Le 24 juin 2026, Moody’s n’a pas dégradé la note souveraine du Gabon. L’agence a maintenu le pays à Caa2, tout en faisant passer la perspective de stable à négative. Une distinction cruciale qui révèle moins une sanction qu’un avertissement.

Alors que le Gabon s’engage dans une transformation institutionnelle, économique et budgétaire inédite depuis le retour au pouvoir civil, cette décision place Libreville face à un défi : convaincre les marchés financiers internationaux que les réformes annoncées porteront leurs fruits.

Entre prudence des marchés et maintien de la confiance

Dans le monde de la finance, la note souveraine évalue la capacité actuelle d’un État à honorer ses dettes. La perspective, elle, anticipe l’évolution future. Moody’s n’a pas jugé nécessaire de baisser la signature financière du Gabon, considérant que le pays conserve sa capacité actuelle. En revanche, l’agence exprime des réserves sur la trajectoire de la dette publique, la gestion des échéances et la solidité budgétaire.

Cette prudence intervient dans un contexte de forte dépendance aux revenus pétroliers, du manganèse et du bois. Toute fluctuation des cours impacte directement les recettes.

Les chiffres de Moody’s montrent pourtant une amélioration progressive : le déficit budgétaire, estimé à 8,5 % du PIB en 2025, devrait reculer à 6,5 % en 2026 puis à 4,5 % en 2027. Une trajectoire de consolidation, non d’effondrement.

L’agence semble attendre des preuves supplémentaires de la capacité du Gabon à transformer ses engagements en résultats concrets.

Le temps des réformes sous surveillance

Depuis août 2023, les autorités gabonaises ont lancé une vaste restructuration : audit de la dette, renforcement de la transparence budgétaire, dialogue avec le FMI, réorganisation des dépenses et contrôle accru des projets.

La philosophie est claire : chaque franc dépensé doit produire un résultat visible. Cette logique rompt avec une culture administrative souvent inefficace.

Le gouvernement refuse de faire porter l’effort d’assainissement sur les populations, en préservant les bourses étudiantes, les recrutements essentiels et la protection sociale. Un équilibre délicat, rarement maintenu lors de réajustements économiques.

Le véritable examen commence

L’enjeu dépasse la seule évaluation d’une agence. Il s’agit de la crédibilité du modèle économique gabonais.

Le pays conserve des atouts : un endettement inférieur à plusieurs économies comparables de la CEMAC, des perspectives liées à la transformation locale du bois, à la valorisation du manganèse et à la diversification économique.

Mais Moody’s rappelle une vérité : les marchés jugent les résultats, pas les intentions.
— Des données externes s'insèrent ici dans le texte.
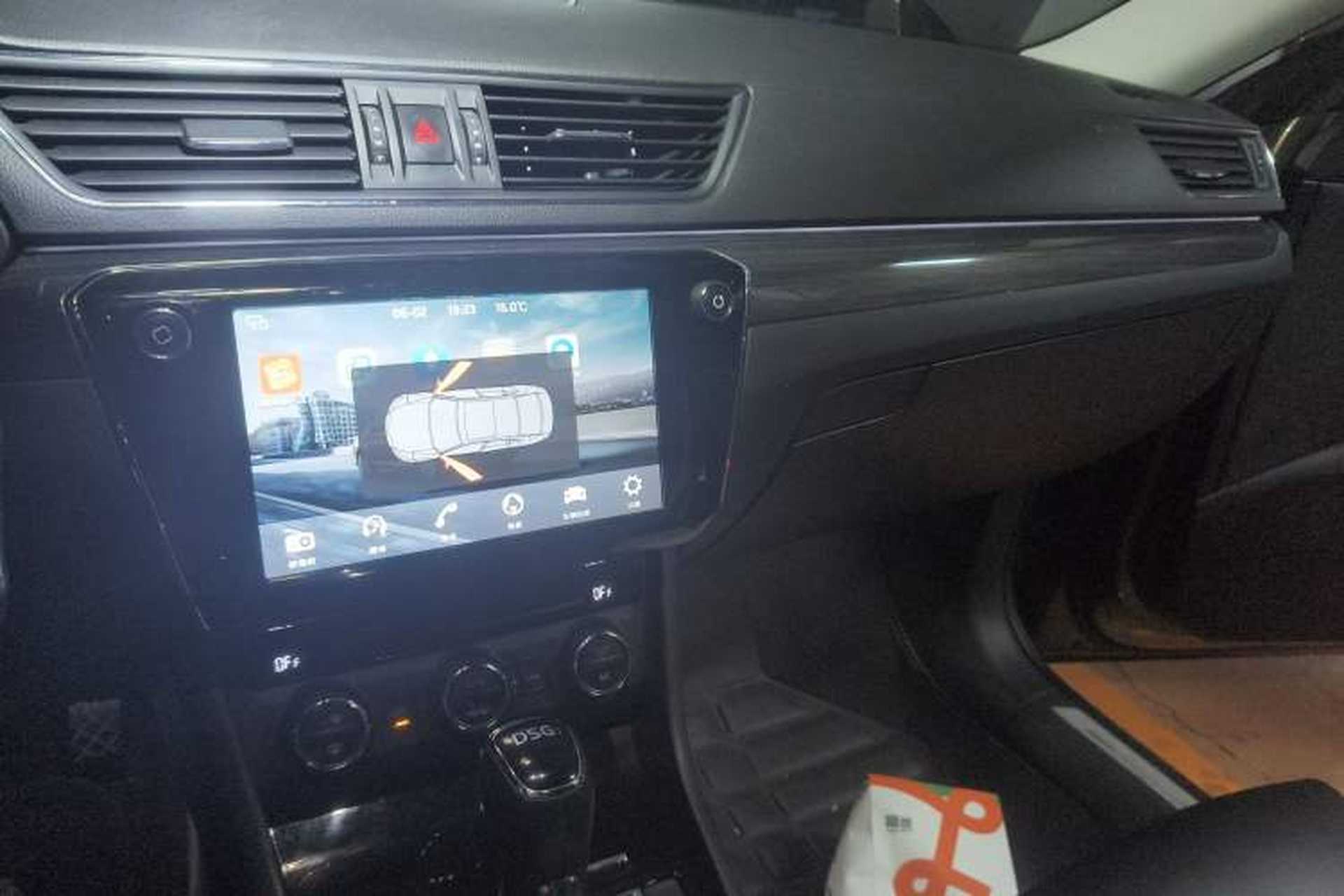 Used Skoda Superb 2018 TSI330 DSG Luxury Edition China V Standard Audio And AC Panel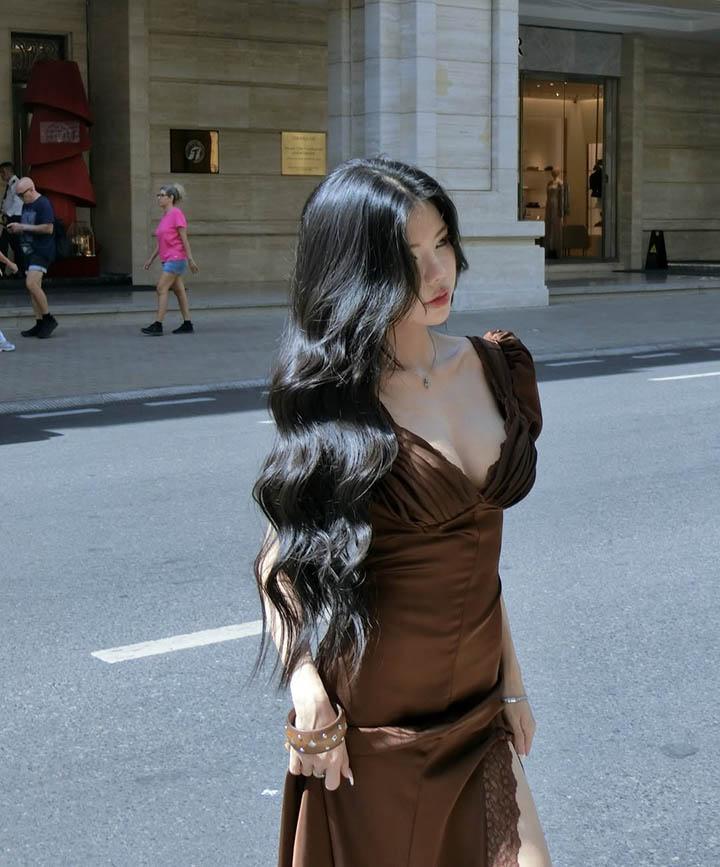 Mai Dora áp dụng công thức “váy ngắn chân dài” khiến fan ngây ngất- Ảnh 2. Mai Dora áp dụng công thức “váy ngắn chân dài” khiến fan ngây ngất- Ảnh 2.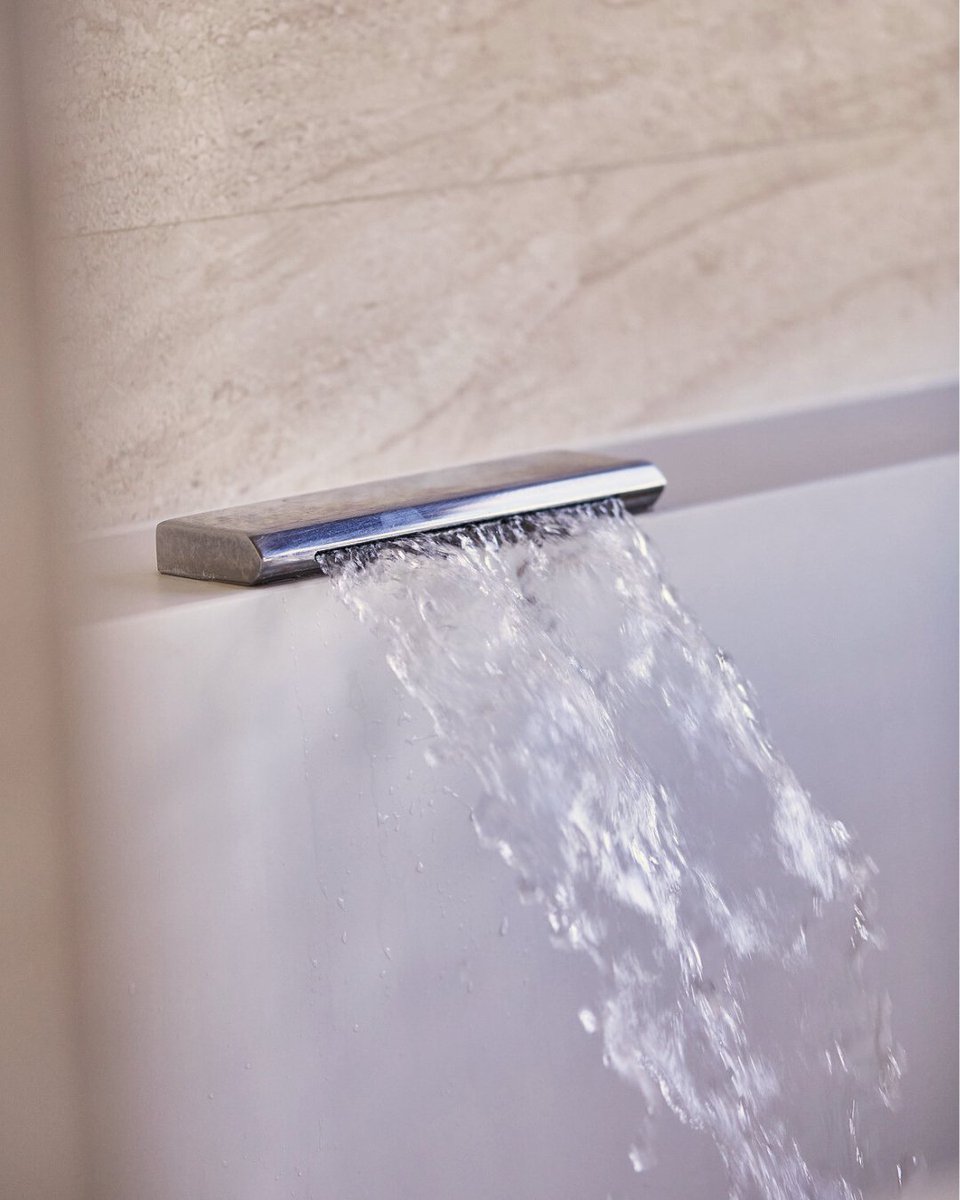 Silken_Hoteles's tweet image. El sonido del agua cayendo marca el inicio de tu momento de desconexión. 🚿 Cierra los ojos y deja que el estrés se disuelva.

#SilkenHoteles #bañera #desconexion #relax #spa #selfcare #hotelesespaña #confort #vidadehotel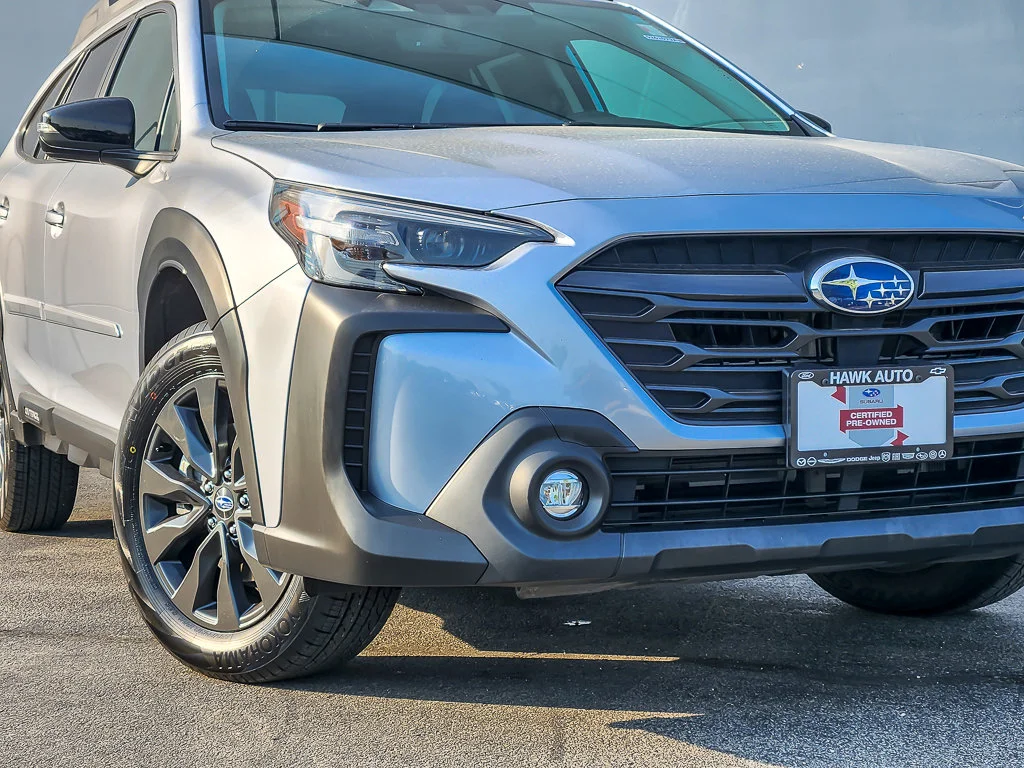 Used 2024 Silver Subaru Onyx Edition image 2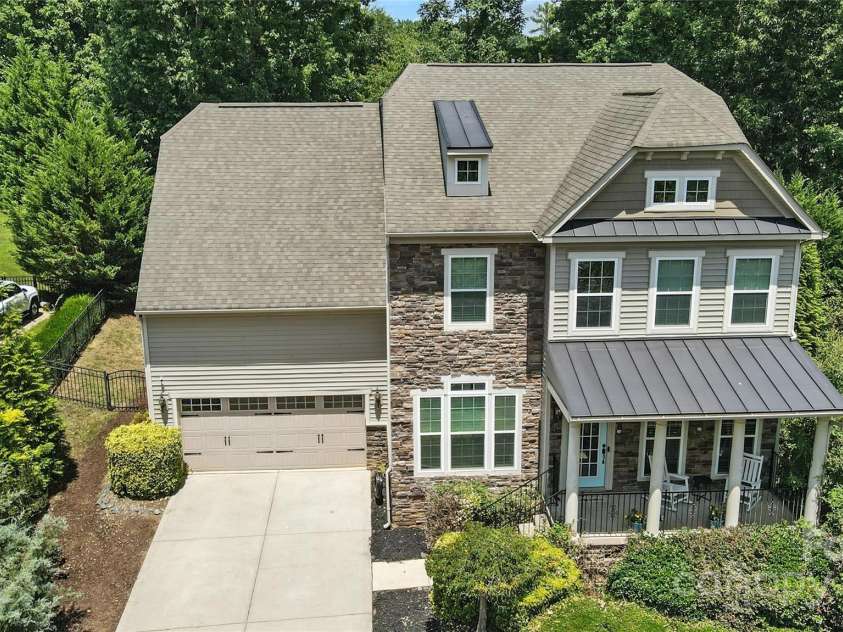 446 Leaf Arbor Court, Clover, SC 29710.  MLS# CAR4281228, YatesRealty ID 27544. 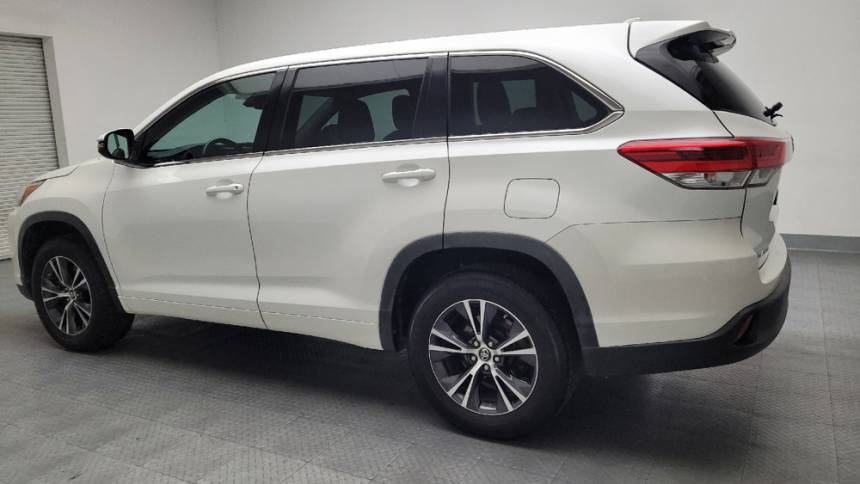 2018 toyota highlander le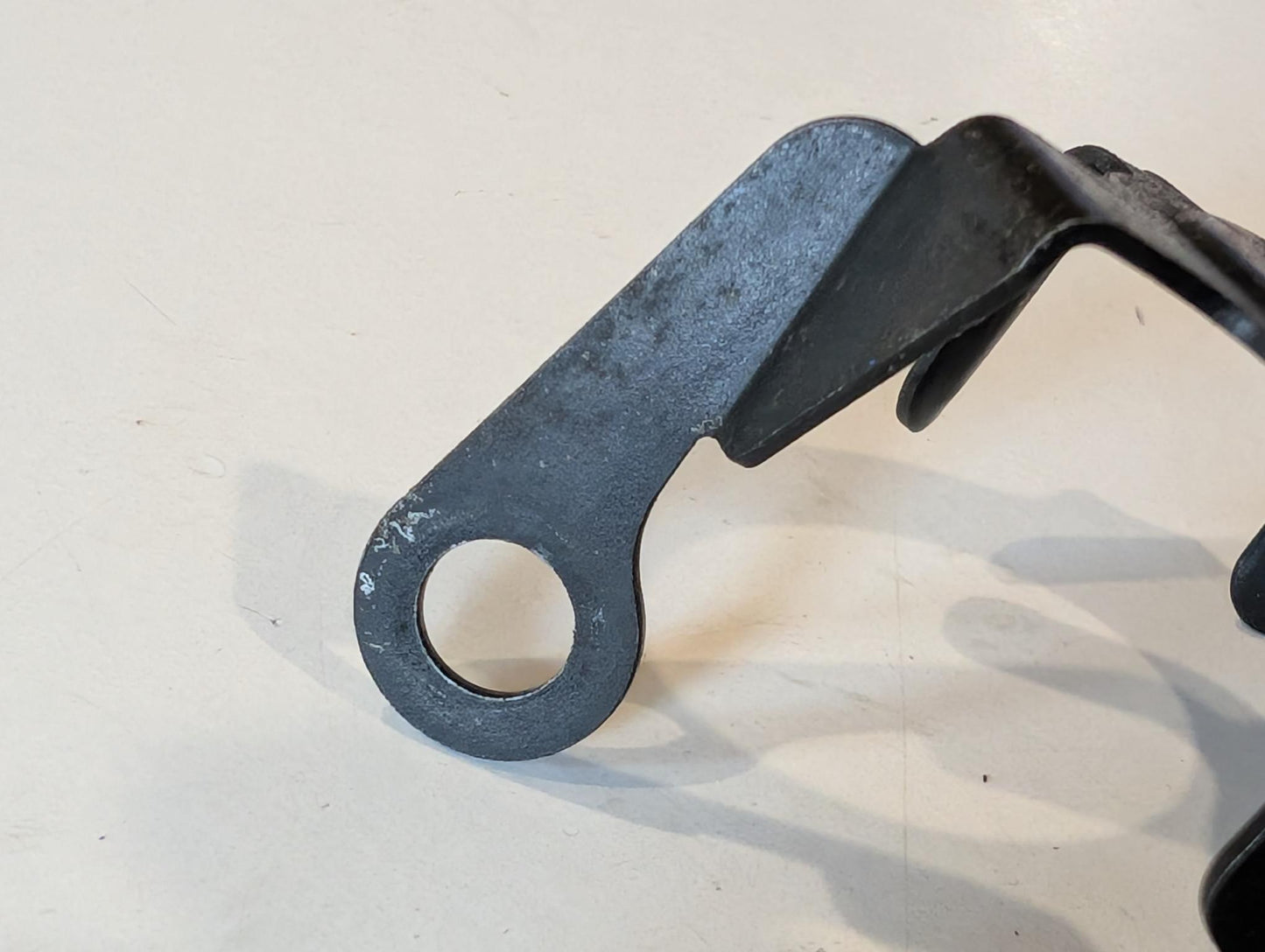 Yamaha XT600Z 3AJ Sicherungsblech 3AJ-25888-00 Ausgleichsbehälter Bremsflüssigkeit hinten gebraucht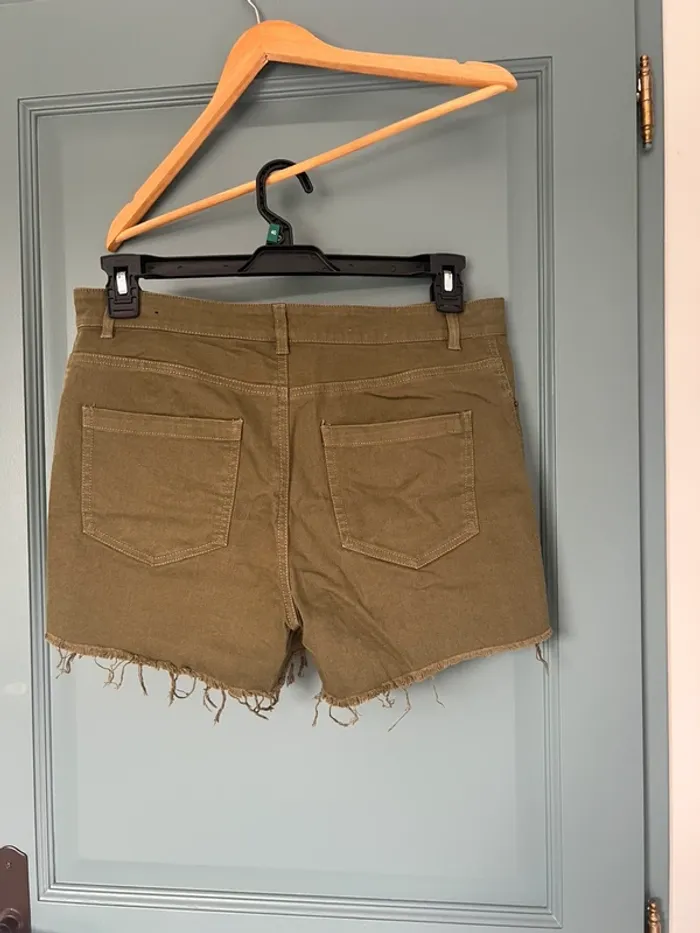 Short d’été vert kaki - taille L - photo numéro 5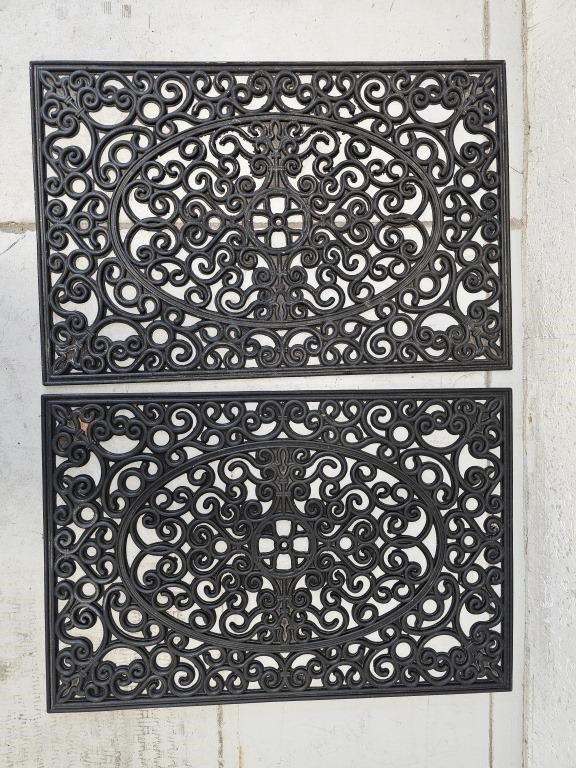 2 Decorative Rubber Door Mats
36×24"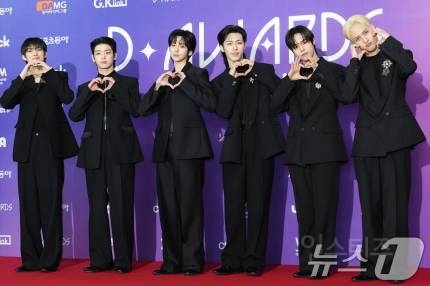 오늘자 시상식 첫 참석한다는 아이돌 | 인스티즈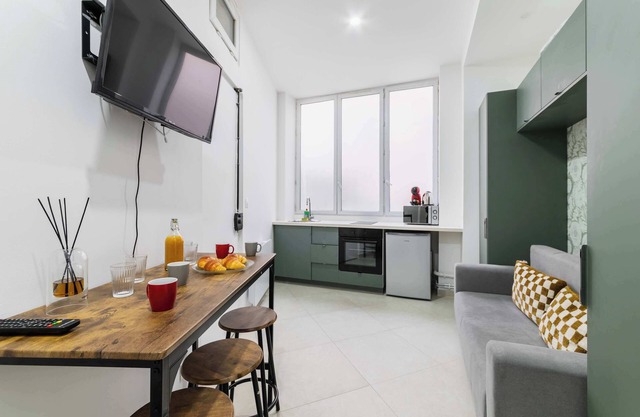 Appartement metro jaures tout equipe - Paris 19 - 4P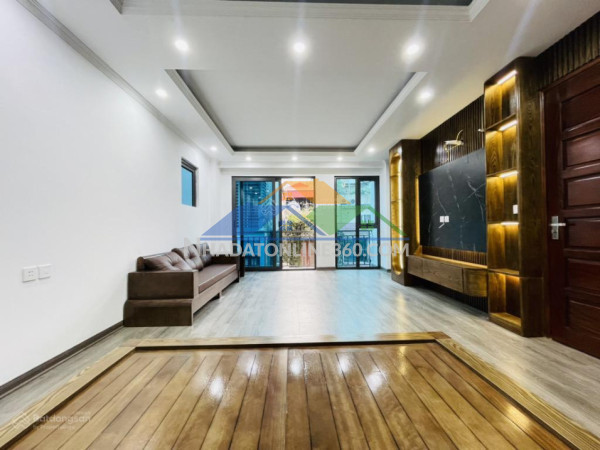 Nhà đại từ, dt 45m2 xây 5 tầng, giá 7.25 tỷ, mới, ở luôn, ngõ thoáng, gần đường, sđcc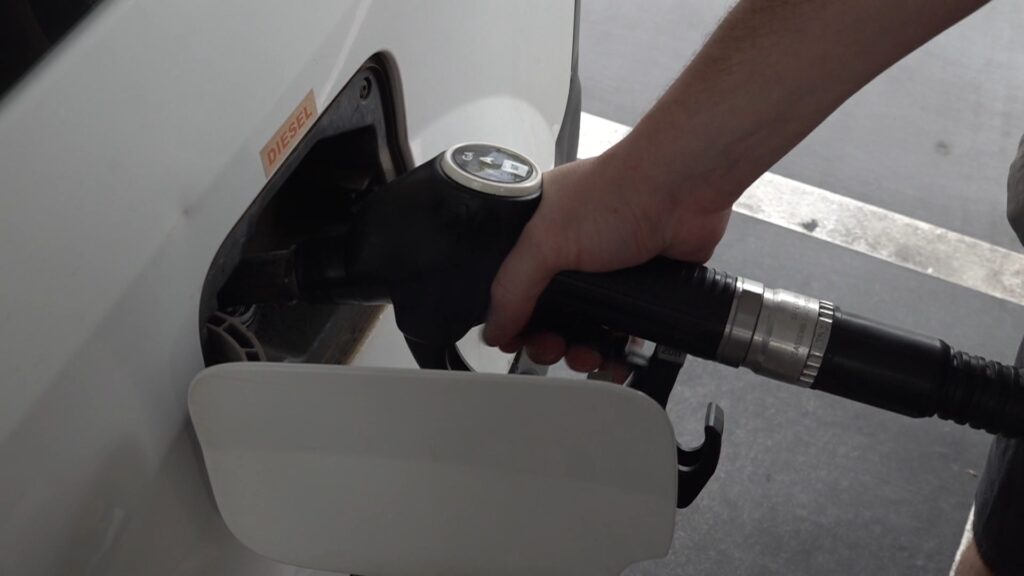 Una persona posa dièsel a un cotxe en una benzinera, amb els ajuts als combustibles prorrogats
La confirmation de la note Caa2 est un signal de confiance prudente ; la perspective négative, un rappel à l’ordre. Le Gabon bénéficie encore du crédit des réformes engagées. Il doit maintenant prouver qu’elles produiront des effets mesurables et durables.

Car la confiance se gagne par la constance, la discipline et la capacité à tenir ses promesses. C’est sur ce terrain que se jouera la prochaine évaluation du Gabon, et une partie de son avenir financier.